“Setting straight some ideas on gays”
If you recall my last post on this whole gay sheep controversy, I wasn’t too pleased about it. And I’m peeved again after I spotted a Review article in today’s Straits Times.
It’s all a question about whether homosexuality is nature or nurture, genes or learned behaviour.
I had quite interesting comments for the post by the way:
Comment from udo schuklenk | [e]
Date: 7 January, 2007, 7:14 pm‘emptypockets’, whoever you might be, busily defending this research again (any chance you might be involved in it yourself?). In any case, taking your points 2 and 3, it seems clear that this is research trying to understand the (if any?) biological basis of sexual preference (3), and it is trying to change it (2). QED
Anyway, have a look at some quotes I extracted.
” …if you figure out how to make sheep gay, maybe you could figure out how to make them straight.”
“Science will gradually convince us that sexual orientation is innate, more like skin colour than character.”
“We may come to view homosexuality as we do infertility — as a disability”

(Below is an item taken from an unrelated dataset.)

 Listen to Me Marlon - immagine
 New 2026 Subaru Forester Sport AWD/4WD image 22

If you really advocate that homosexuality is an inherent quality of humans and animals alike, why the hell are you even conducting experiments to try and change nature? How can you call it a disability when it doesn’t affect our normal everyday activities? Shouldn’t you be spending more time, effort, and money on the other “disabilities” of our society such as the disabled to improve their quality of life instead of harping on this “innate” characteristics that is simply part of human nature as you so claim?





Comment from emptypockets | [e]
Date: 7 January, 2007, 12:40 am
If it sounds too insane to be true… maybe it is.

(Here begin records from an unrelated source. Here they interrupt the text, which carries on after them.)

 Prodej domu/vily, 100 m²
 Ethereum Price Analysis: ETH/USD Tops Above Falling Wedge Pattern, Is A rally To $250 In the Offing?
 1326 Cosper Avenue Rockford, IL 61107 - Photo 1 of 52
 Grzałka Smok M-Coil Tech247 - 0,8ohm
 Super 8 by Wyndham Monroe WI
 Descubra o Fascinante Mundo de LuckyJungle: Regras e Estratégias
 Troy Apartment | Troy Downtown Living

I looked into this story in detail. Basically, (1) the scientists aren’t trying to cure gayness, (2) they haven’t been able to change sexual preference in sheep, (3) this is part of a large field of research trying to understand the biological basis of behavior that the article ignores, (4) this research is months to years old, and (5) the article also got the details of the experiments wrong (they didn’t inject hormones into brains or use electronic sensors). I interviewed the researchers themselves and read their papers.
What’s weird is that the Times knew all this was false when they printed it.